● **Data extract**:
= = =
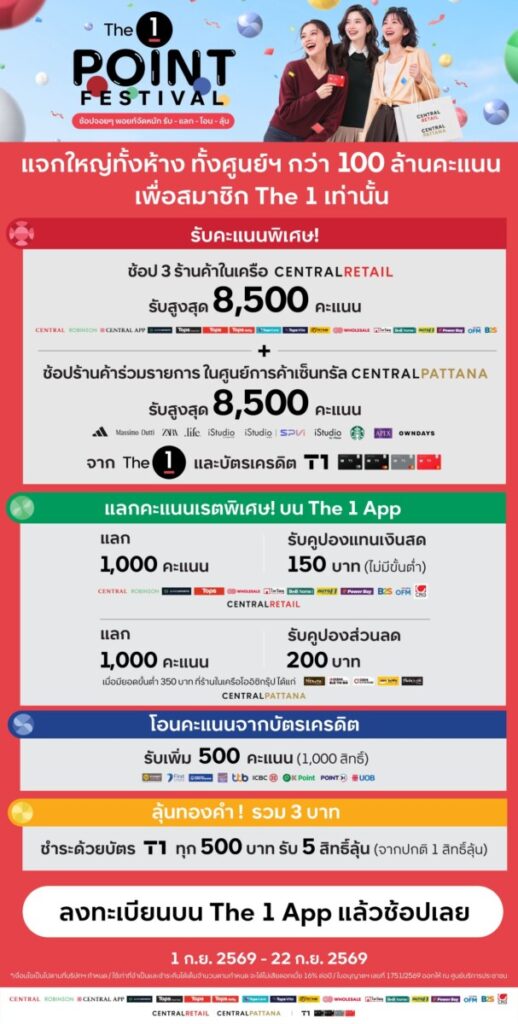 The 1 Point Festival 2026 อัดฉีดกว่า 100 ล้านคะแนน ช้อปคุ้ม 4 ต่อทั่วประเทศ 1-22 ก.ย. นี้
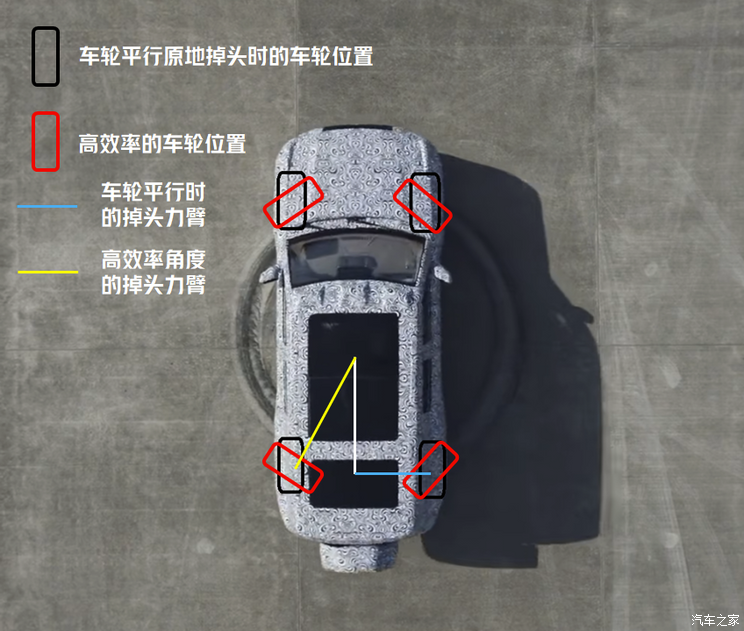 易三方黑科技上车 5米2的大块头也能很灵活！一文带你看懂腾势N9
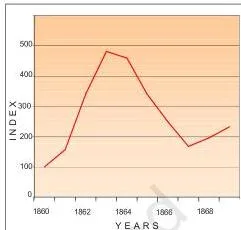 Colonialism and the Countryside: NCERT Class 12 History Chapter 1 A line graph of cotton prices rising steeply during the American Civil War and falling after 1865, illustrating the cotton boom and the crash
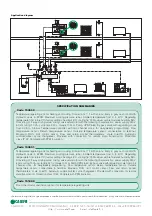 Preview for 8 page of CALEFFI 152 Series Quick Start Manual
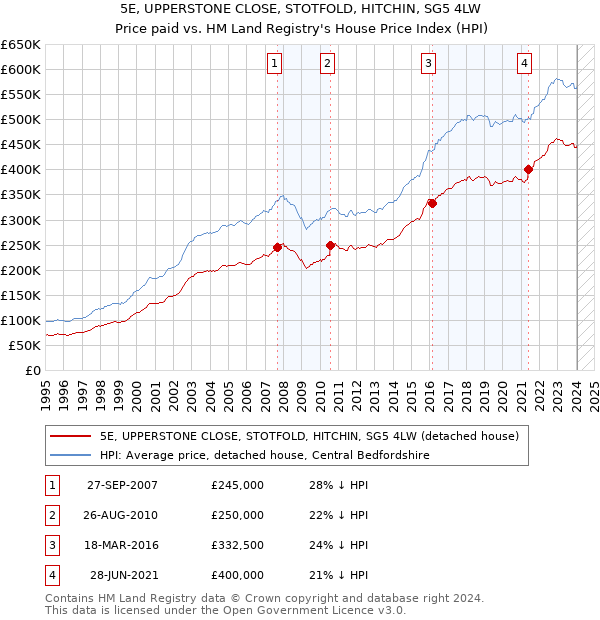 5E, UPPERSTONE CLOSE, STOTFOLD, HITCHIN, SG5 4LW: Price paid vs HM Land Registry's House Price Index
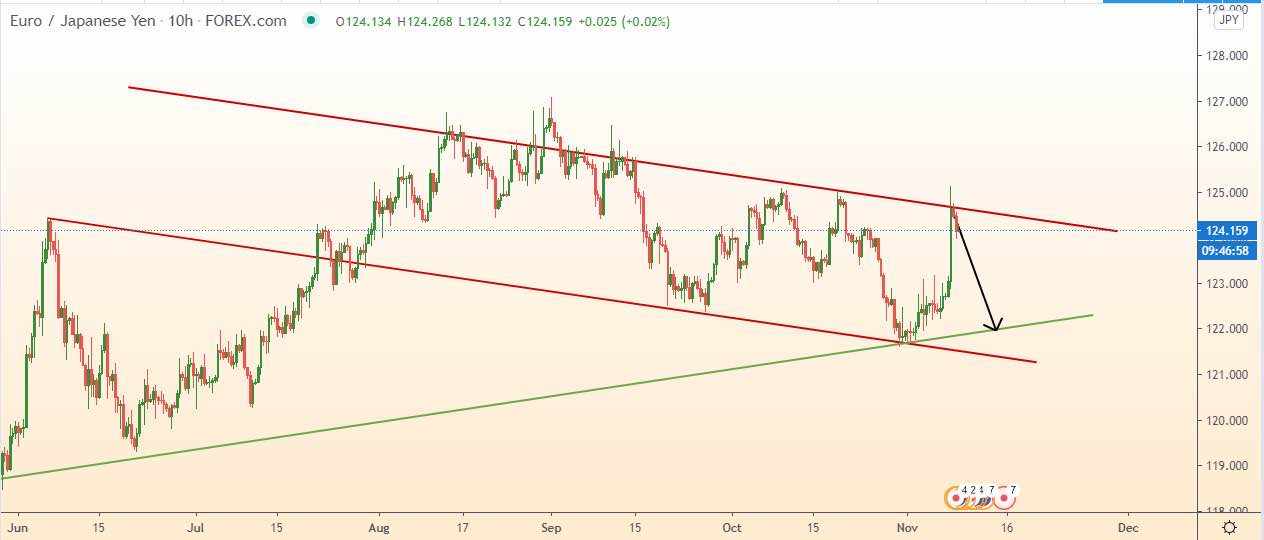 EUR/JPY 
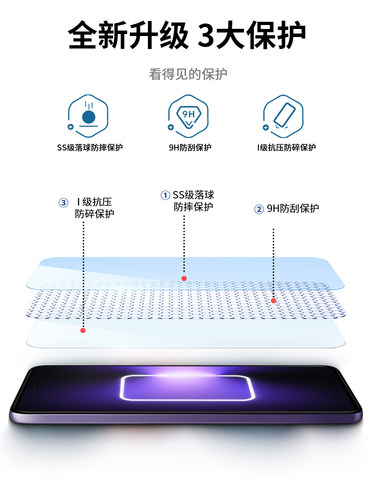 适用oppoA2钢化膜防窥A2新款oppo手机贴膜opa全屏覆盖oppa2全包opopa2防偷窥opρo防蓝光0pp0ppoa2防摔5G高清-图2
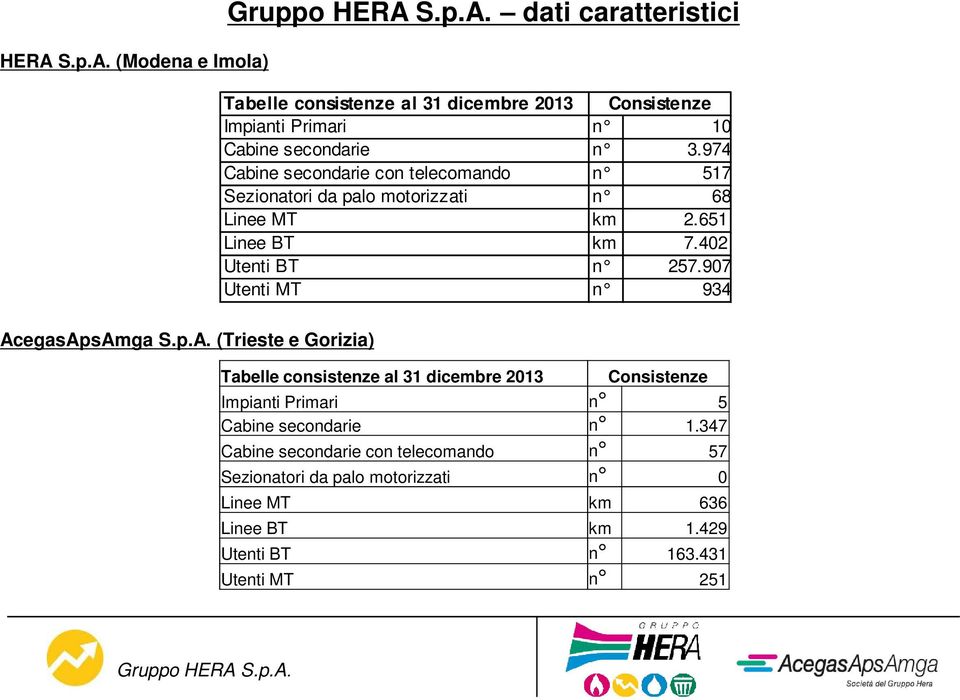 907 Utenti MT n 934 Tabelle consistenze al 31 dicembre 2013 Consistenze Impianti Primari n 5 Cabine secondarie n 1.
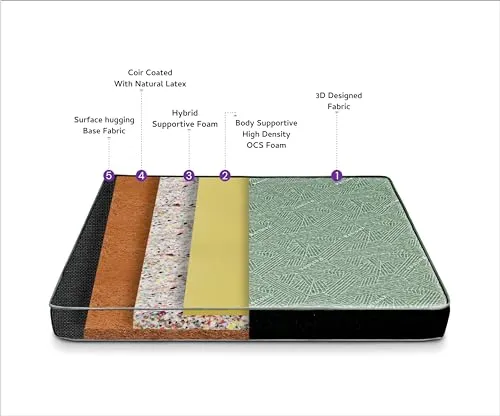 Restolex Greensleep Natural Orthopedic Coir Mattress-Natural Coir Mattress-Green-72 x 30 x 5 INCHES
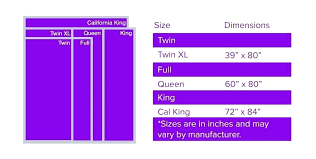 Purple Mattress Sizes Ludh Top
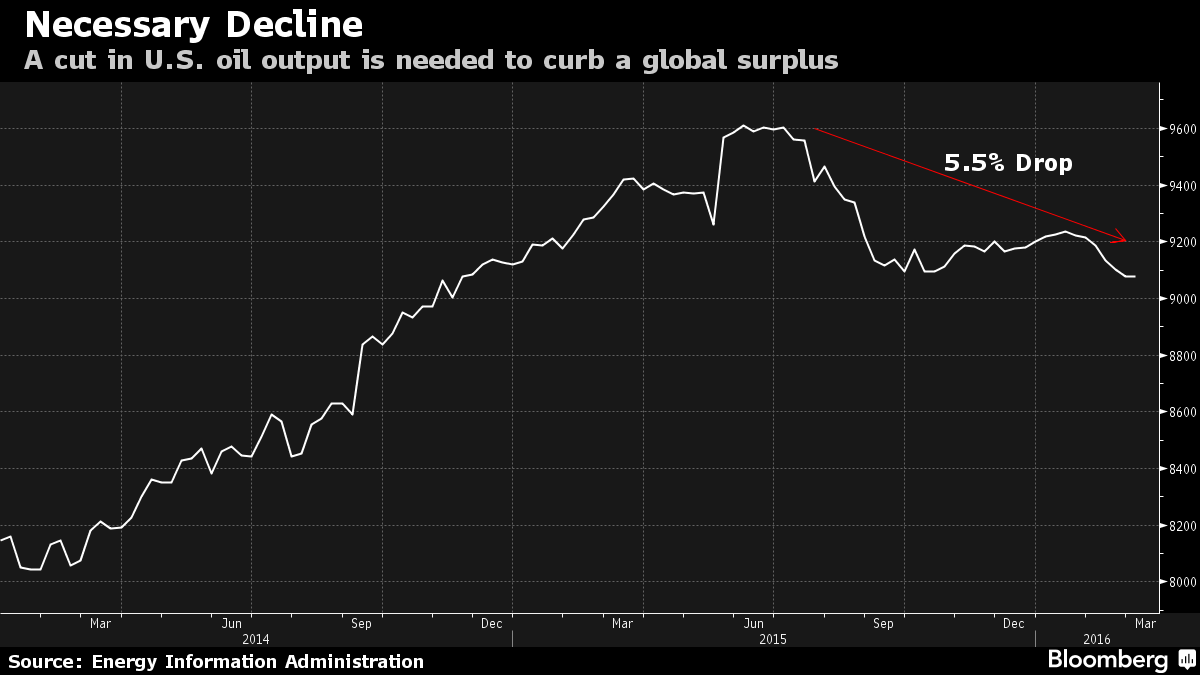 Nếu giá dầu đã chạm đáy, mức đỉnh còn bao xa? ảnh 2
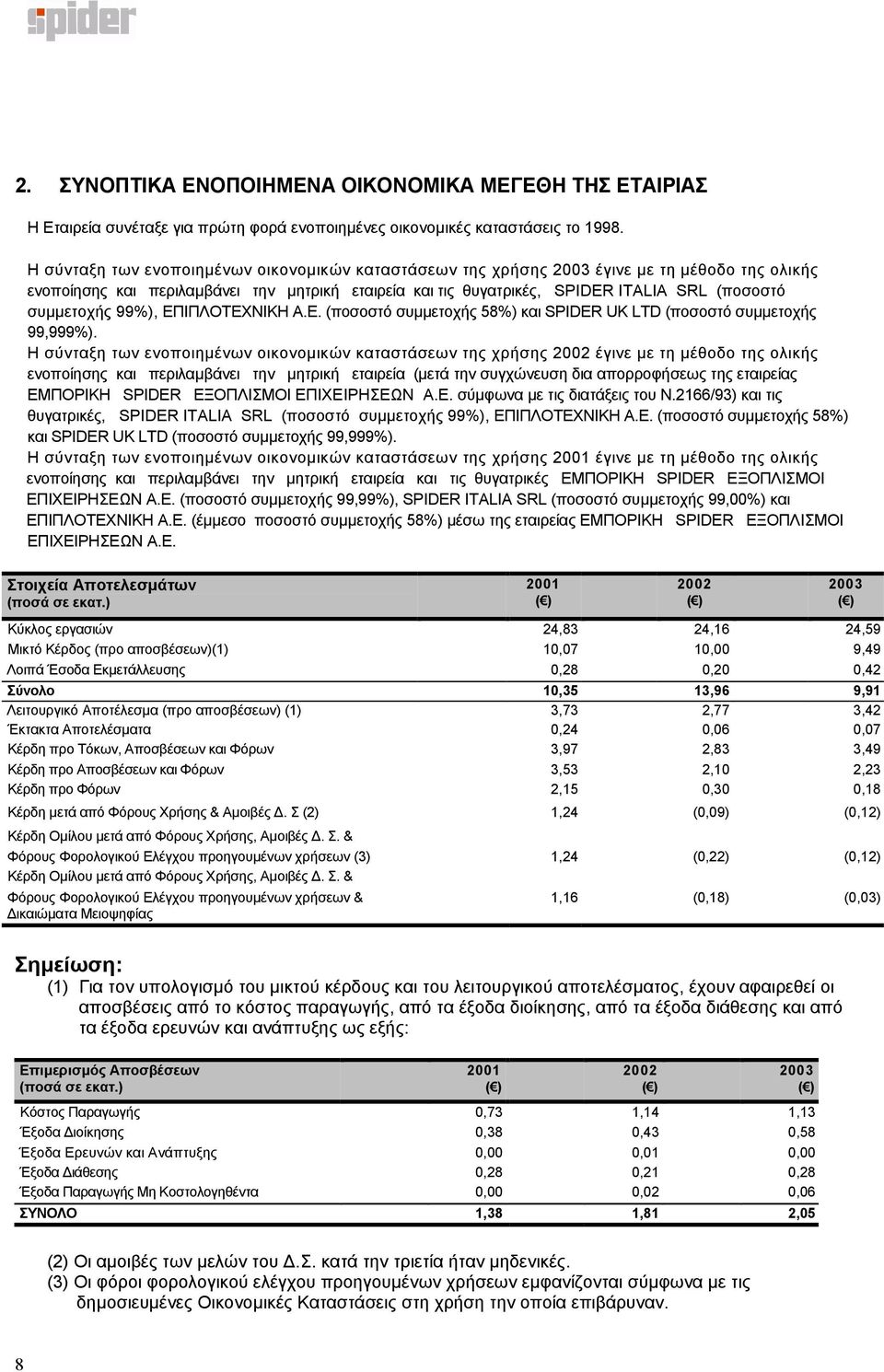 συµµετοχής 99%), ΕΠΙΠΛΟΤΕΧΝΙΚΗ Α.Ε. (ποσοστό συµµετοχής 58%) και SPIDER UK LTD (ποσοστό συµµετοχής 99,999%).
= = =
● **Prompt**:
Word for word, write out each line of the records, but leave the pictures behind.

● **Output of the task**:
 The 1 Point Festival 2026 อัดฉีดกว่า 100 ล้านคะแนน ช้อปคุ้ม 4 ต่อทั่วประเทศ 1-22 ก.ย. นี้
 易三方黑科技上车 5米2的大块头也能很灵活！一文带你看懂腾势N9
 Colonialism and the Countryside: NCERT Class 12 History Chapter 1 A line graph of cotton prices rising steeply during the American Civil War and falling after 1865, illustrating the cotton boom and the crash
 Preview for 8 page of CALEFFI 152 Series Quick Start Manual
 5E, UPPERSTONE CLOSE, STOTFOLD, HITCHIN, SG5 4LW: Price paid vs HM Land Registry's House Price Index
 EUR/JPY 
 适用oppoA2钢化膜防窥A2新款oppo手机贴膜opa全屏覆盖oppa2全包opopa2防偷窥opρo防蓝光0pp0ppoa2防摔5G高清-图2
 907 Utenti MT n 934 Tabelle consistenze al 31 dicembre 2013 Consistenze Impianti Primari n 5 Cabine secondarie n 1.
 Restolex Greensleep Natural Orthopedic Coir Mattress-Natural Coir Mattress-Green-72 x 30 x 5 INCHES
 Purple Mattress Sizes Ludh Top
 Nếu giá dầu đã chạm đáy, mức đỉnh còn bao xa? ảnh 2
 συµµετοχής 99%), ΕΠΙΠΛΟΤΕΧΝΙΚΗ Α.Ε. (ποσοστό συµµετοχής 58%) και SPIDER UK LTD (ποσοστό συµµετοχής 99,999%).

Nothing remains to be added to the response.